DIRECTIONS: Write out every line below again exactly as it stands, skipping each image.
━━━━━ RECORD EXTRACTS ━━━━━
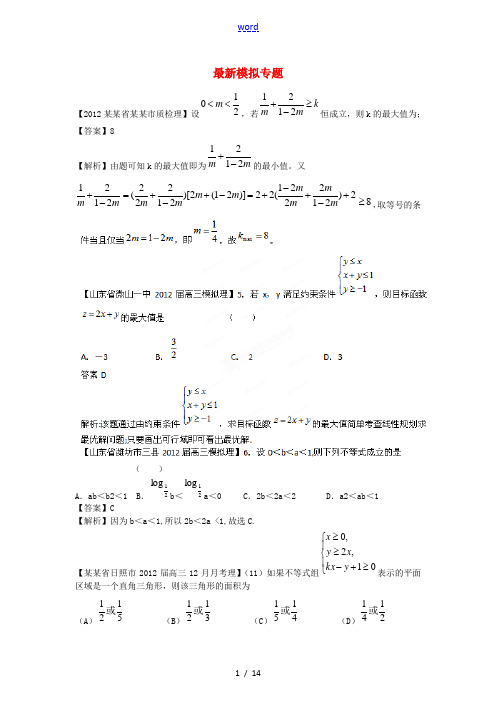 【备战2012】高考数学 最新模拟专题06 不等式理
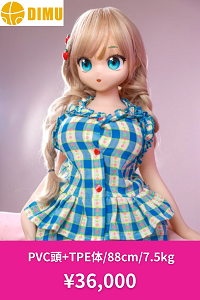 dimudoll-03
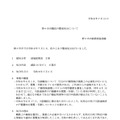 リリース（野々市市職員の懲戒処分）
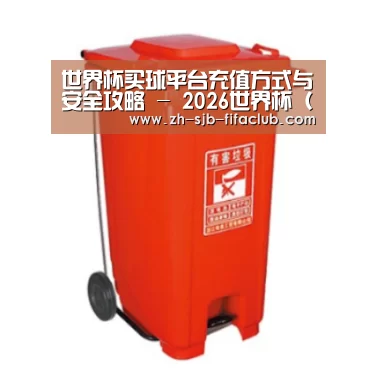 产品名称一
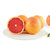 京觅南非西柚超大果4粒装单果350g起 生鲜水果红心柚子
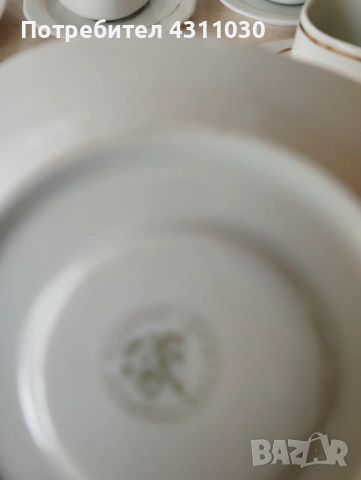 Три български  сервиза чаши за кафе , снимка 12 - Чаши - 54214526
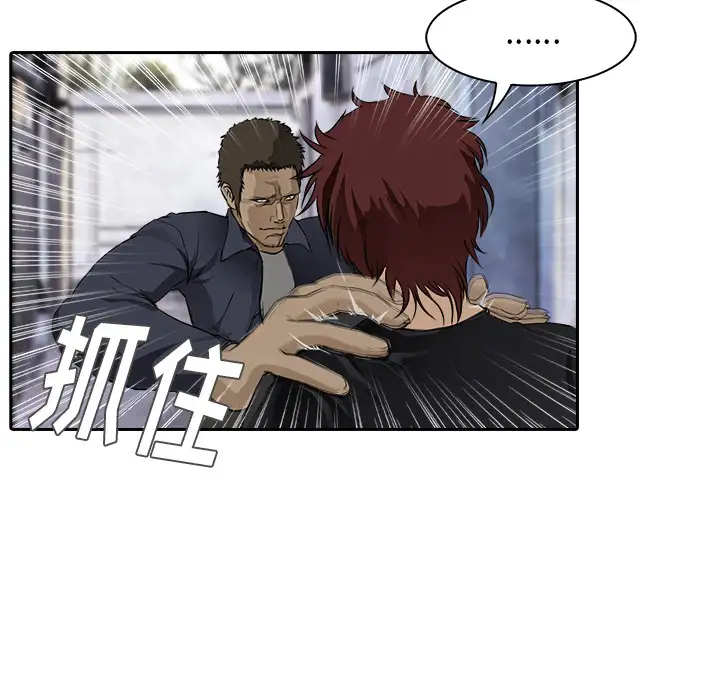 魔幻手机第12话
━━━━━
WORKED SOLUTION:
 【备战2012】高考数学 最新模拟专题06 不等式理
 dimudoll-03
 リリース（野々市市職員の懲戒処分）
 产品名称一
 京觅南非西柚超大果4粒装单果350g起 生鲜水果红心柚子
 Три български  сервиза чаши за кафе , снимка 12 - Чаши - 54214526
 魔幻手机第12话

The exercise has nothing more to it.